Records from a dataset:
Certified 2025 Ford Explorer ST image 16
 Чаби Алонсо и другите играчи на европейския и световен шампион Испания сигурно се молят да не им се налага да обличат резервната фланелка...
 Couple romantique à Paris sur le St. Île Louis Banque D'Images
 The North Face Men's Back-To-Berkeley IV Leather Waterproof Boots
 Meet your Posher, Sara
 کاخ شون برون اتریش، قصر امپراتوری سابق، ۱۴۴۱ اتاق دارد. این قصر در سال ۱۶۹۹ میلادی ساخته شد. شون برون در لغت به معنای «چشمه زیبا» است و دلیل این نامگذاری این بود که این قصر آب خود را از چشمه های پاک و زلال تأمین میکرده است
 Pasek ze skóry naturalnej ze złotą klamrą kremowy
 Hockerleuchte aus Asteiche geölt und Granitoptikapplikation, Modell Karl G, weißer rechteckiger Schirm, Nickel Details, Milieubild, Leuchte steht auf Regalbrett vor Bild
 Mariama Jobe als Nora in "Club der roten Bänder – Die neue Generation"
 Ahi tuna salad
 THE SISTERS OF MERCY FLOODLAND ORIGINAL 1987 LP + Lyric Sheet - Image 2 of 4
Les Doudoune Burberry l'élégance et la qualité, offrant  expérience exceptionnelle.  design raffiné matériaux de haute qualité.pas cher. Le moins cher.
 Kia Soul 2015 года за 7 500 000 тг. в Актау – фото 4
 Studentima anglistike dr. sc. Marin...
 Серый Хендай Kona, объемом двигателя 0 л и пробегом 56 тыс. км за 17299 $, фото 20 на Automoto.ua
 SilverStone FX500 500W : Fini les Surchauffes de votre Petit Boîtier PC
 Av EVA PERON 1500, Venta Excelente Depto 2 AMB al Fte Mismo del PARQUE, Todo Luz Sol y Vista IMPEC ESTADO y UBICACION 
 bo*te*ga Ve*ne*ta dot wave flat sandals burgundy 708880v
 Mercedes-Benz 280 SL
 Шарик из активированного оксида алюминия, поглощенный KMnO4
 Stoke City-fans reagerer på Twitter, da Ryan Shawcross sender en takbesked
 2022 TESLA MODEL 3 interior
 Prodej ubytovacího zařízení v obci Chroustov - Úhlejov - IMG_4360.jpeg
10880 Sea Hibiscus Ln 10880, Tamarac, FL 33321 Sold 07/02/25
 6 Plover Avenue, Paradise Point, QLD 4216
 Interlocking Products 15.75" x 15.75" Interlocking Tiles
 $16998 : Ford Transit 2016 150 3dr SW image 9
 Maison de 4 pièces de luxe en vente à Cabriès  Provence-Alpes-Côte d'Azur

What to do | Would you print exactly the lines from the first line of the entries above through the line that has "Meet your Posher, Sara", both included, and stop there?

Answer for the task |
Certified 2025 Ford Explorer ST image 16
 Чаби Алонсо и другите играчи на европейския и световен шампион Испания сигурно се молят да не им се налага да обличат резервната фланелка...
 Couple romantique à Paris sur le St. Île Louis Banque D'Images
 The North Face Men's Back-To-Berkeley IV Leather Waterproof Boots
 Meet your Posher, Sara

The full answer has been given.